Marry Anne Whitaker 9/18/2003

I remember a girl from the foothills of the south ridge. She was an elfish little thing who always wore a smile. Her hair was silky black and in the light of the sun, silvers streaks, like little rivers would flow. Her eyes were a crystal green.
Every day she would walk the streets and greet everyone with a small yellow flower and for the children she always had candy and a peck on the cheek.
If it rained everyone believed that the clouds would part for her and flowers would grow in her wake. She was loved by everyone who lived in Raynor Shine and for that matter, everyone in the Great Depression.
I would set and listen to the women of the slopes say how much a pity it was that she hadn’t married yet for she clearly possessed the right heart and skills for motherhood. They would puzzle and muse and wonder the reason but none of them were able to satisfy their curiosity.
On the weekends she would set painting in the park. Her entire day was spent painting talking and handing out candy to the children as they played. And I loved her.

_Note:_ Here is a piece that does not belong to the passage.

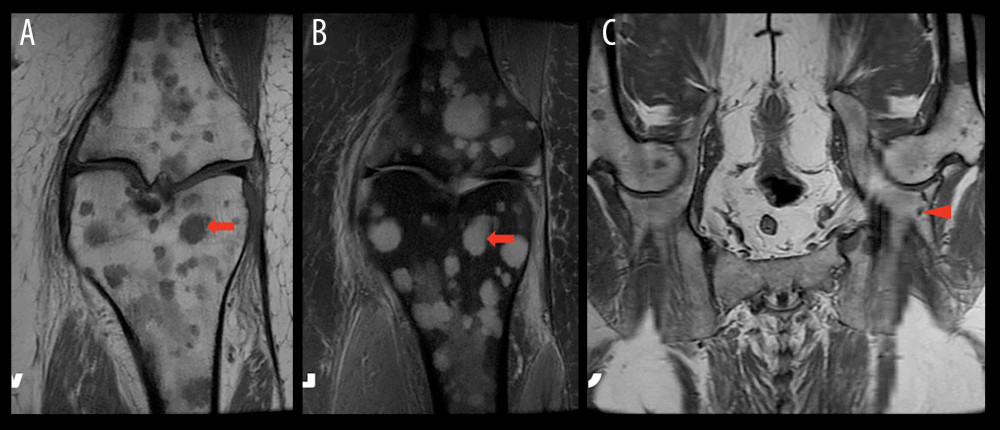 (A–C) A 60-year-old woman presented due to left knee and calf pain, subsequently found to be caused by ECD. (A, B) MRI of the left knee showing innumerable T1-dark (A) and proton-density-bright (B) marrow-replacing lesions throughout the distal femur, proximal tibia, and proximal fibula (example lesion denoted by arrows). The patient also had small meniscal tears of the knee. (C) Follow-up MRI of the pelvis demonstrating additional lesions (arrowhead).
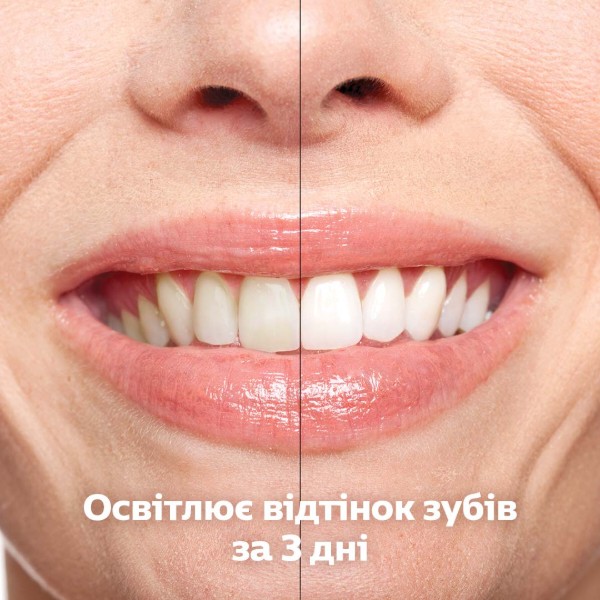 Фото - Зубна щітка електрична Philips HX9917/89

I loved this woman in ways even I don’t understand. I would live my life being comforted by her, and comforting her. I could be happy providing for her and allowing her to provide for me. We could easily dance through life together laughing and enjoying all the days we had.
For all that she is, for all that she could be, and she is only human and therefore had a dark secret. One that soon all would know.
The lamplighters knew her secret for they do after all live in the darkness. They see all the things that the people try to hide. They would never dare speak them, nor do they care to, for it’s only a way of life.
It was in the Latter Year, when the fog rolls down off the peaks, and the Tightening begins. It’s the time when all minds begin to think darker thoughts, when gossip and fingers are pointed at all. Soon the people began to talk of Mary.
They would gather in small knots over coffee and suggest things that they should never suggest in the first place. The fog did tings to peoples minds and it was never a very good thing.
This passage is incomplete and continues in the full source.